Enea Bastianini milite également pour une structure dédiée aux pilotes, distincte de celles existantes pour les équipes comme l’IRTA. « Il y a une [association] pour les équipes, l’IRTA, mais rien pour les pilotes », constate-t-il. Il espère voir une telle initiative se concrétiser, estimant qu’elle « changerait complètement les choses pour nous », tant pour la sécurité que pour d’autres enjeux de la discipline.
Cependant, la mise en place d’une telle structure se heurte à un obstacle de taille : le manque de consensus parmi les pilotes eux-mêmes. Fabio Quartararo, champion du monde 2021, souligne cette difficulté : « Même entre pilotes, on n’est pas toujours d’accord. Par exemple, quand il pleut en Inde, certains disent qu’il ne faut pas rouler, puis deux pilotes décident de rouler, et finalement tout le monde suit. » Ce manque d’unité dans les décisions, même sur des sujets vitaux, rend la construction d’une position commune extrêmement ardue.

Fabio Quartararo, champion du monde 2021, pointe le manque d’unité.
Luca Marini renchérit sur ce manque de cohésion : « Le problème est que nous ne pouvons pas être tous unis en tant que pilotes.

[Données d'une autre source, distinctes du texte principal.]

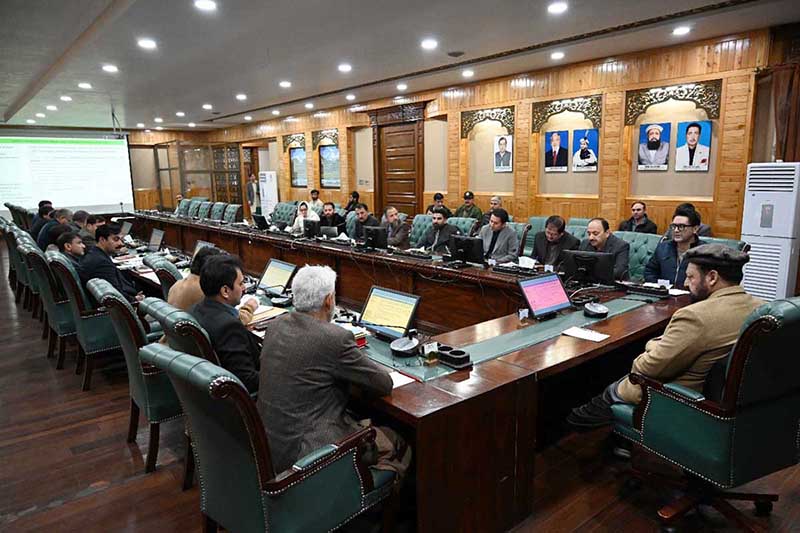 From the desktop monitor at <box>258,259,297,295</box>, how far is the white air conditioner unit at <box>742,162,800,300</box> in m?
4.77

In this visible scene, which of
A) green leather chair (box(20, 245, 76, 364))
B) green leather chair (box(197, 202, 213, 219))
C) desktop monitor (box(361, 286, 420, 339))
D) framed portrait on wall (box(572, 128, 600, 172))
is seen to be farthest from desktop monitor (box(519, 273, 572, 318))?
green leather chair (box(197, 202, 213, 219))

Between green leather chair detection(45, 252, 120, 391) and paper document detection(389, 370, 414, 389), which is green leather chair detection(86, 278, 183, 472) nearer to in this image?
green leather chair detection(45, 252, 120, 391)

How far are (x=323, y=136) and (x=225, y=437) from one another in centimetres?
1052

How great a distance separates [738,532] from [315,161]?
35.5ft

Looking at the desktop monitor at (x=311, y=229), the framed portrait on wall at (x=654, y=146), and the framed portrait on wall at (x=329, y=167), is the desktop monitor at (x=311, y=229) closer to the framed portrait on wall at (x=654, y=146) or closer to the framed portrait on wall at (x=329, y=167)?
the framed portrait on wall at (x=654, y=146)

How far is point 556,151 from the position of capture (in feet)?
23.7

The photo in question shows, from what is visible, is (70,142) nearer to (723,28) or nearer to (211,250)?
(211,250)

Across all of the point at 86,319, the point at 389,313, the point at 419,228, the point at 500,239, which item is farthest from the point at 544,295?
the point at 419,228

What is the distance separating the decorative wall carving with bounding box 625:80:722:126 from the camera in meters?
5.69

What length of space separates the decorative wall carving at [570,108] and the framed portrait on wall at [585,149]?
0.55 feet

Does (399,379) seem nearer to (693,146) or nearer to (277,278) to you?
(277,278)

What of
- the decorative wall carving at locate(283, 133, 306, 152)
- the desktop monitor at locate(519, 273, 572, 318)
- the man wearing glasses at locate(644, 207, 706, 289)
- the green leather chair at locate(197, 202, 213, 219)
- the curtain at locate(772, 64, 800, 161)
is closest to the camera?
the desktop monitor at locate(519, 273, 572, 318)

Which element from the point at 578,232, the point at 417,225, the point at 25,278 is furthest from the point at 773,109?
the point at 25,278

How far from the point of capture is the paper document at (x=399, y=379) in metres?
1.92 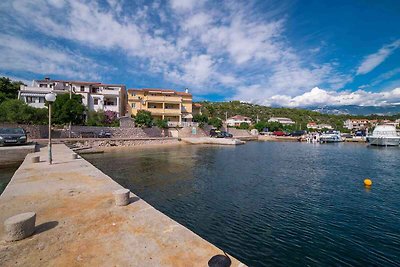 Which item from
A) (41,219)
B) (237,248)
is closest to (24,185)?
(41,219)

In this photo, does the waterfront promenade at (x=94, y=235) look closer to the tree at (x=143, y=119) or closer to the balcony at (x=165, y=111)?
the tree at (x=143, y=119)

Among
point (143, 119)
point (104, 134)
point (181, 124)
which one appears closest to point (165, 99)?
point (181, 124)

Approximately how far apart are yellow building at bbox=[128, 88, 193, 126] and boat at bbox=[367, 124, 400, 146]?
50.1 m

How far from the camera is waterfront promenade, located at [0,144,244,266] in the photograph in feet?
13.3

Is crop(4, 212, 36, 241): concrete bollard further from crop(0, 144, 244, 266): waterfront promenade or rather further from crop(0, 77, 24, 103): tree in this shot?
crop(0, 77, 24, 103): tree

C’est vraiment difficile d’avancer dans la même direction avec les mêmes idées, parce que chacun à les siennes. » Si le respect mutuel règne sur la piste, un « état d’esprit plus ouvert » et une meilleure communication inter-pilotes semblent nécessaires pour espérer voir une association voir le jour et peser réellement sur l’avenir du MotoGP.

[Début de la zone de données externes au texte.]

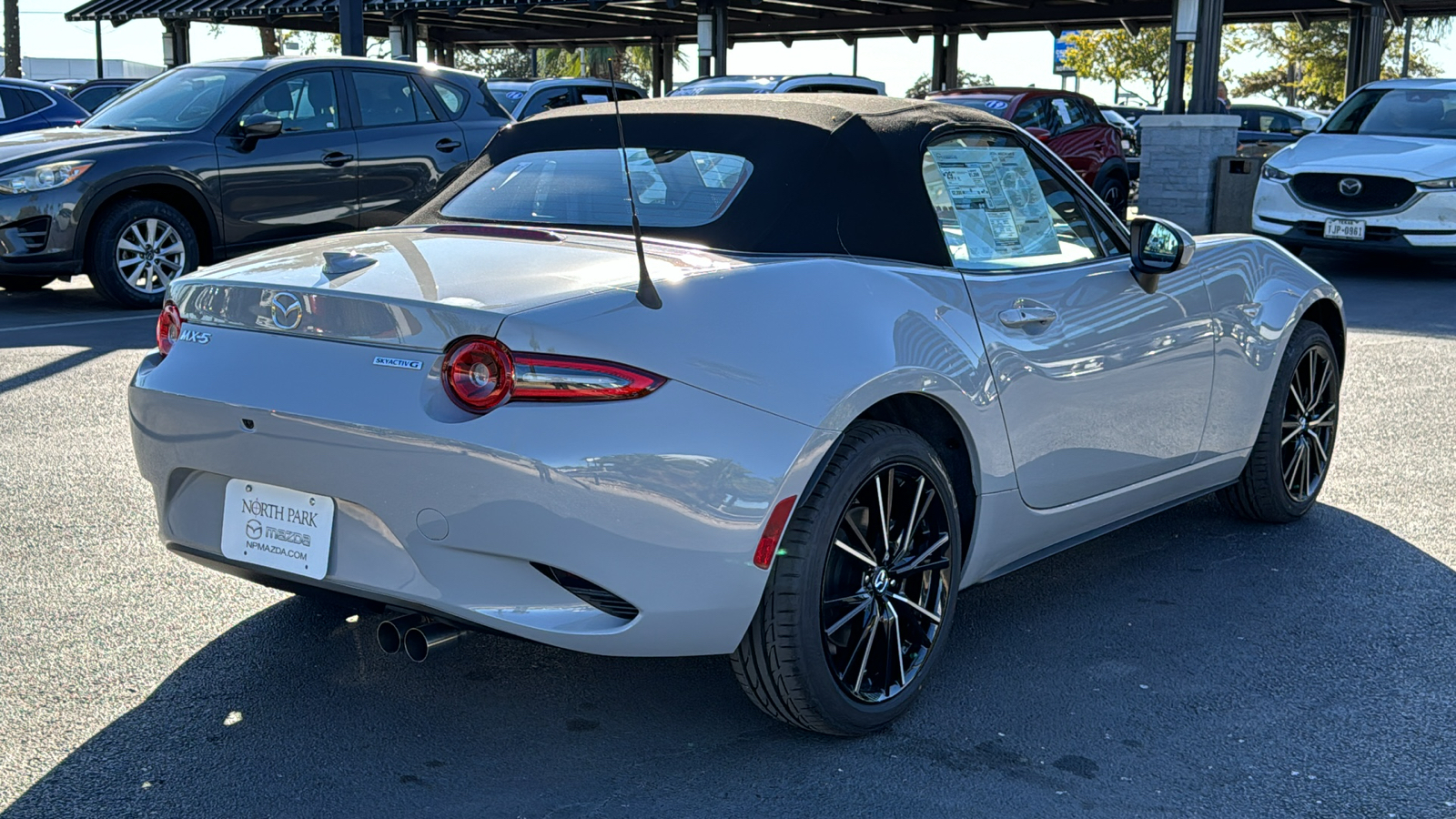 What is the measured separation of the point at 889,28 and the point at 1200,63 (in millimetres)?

Le MotoGP à l’heure des choix : quel avenir pour les pilotes ?
- Manque de sujets urgents : La commission de sécurité peine à susciter l’intérêt faute de problématiques majeures sur les circuits actuels.
- Pression du calendrier : Les week-ends de Grand Prix sont si intenses que les pilotes privilégient leur performance à leur participation aux réunions.
- Désaccord sur les priorités : Les pilotes ont des opinions divergentes sur les sujets importants, rendant difficile la formation d’un front uni.
- Absence d’une structure dédiée : Contrairement à la F1, le MotoGP ne dispose pas d’une association forte représentant les intérêts des pilotes.
- Volonté d’agir : Malgré les difficultés, des pilotes comme Bastianini et Marini continuent de plaider pour une meilleure représentation.
- Impact de Liberty Media : L’arrivée des nouveaux propriétaires pourrait modifier la donne et créer de nouvelles opportunités de dialogue.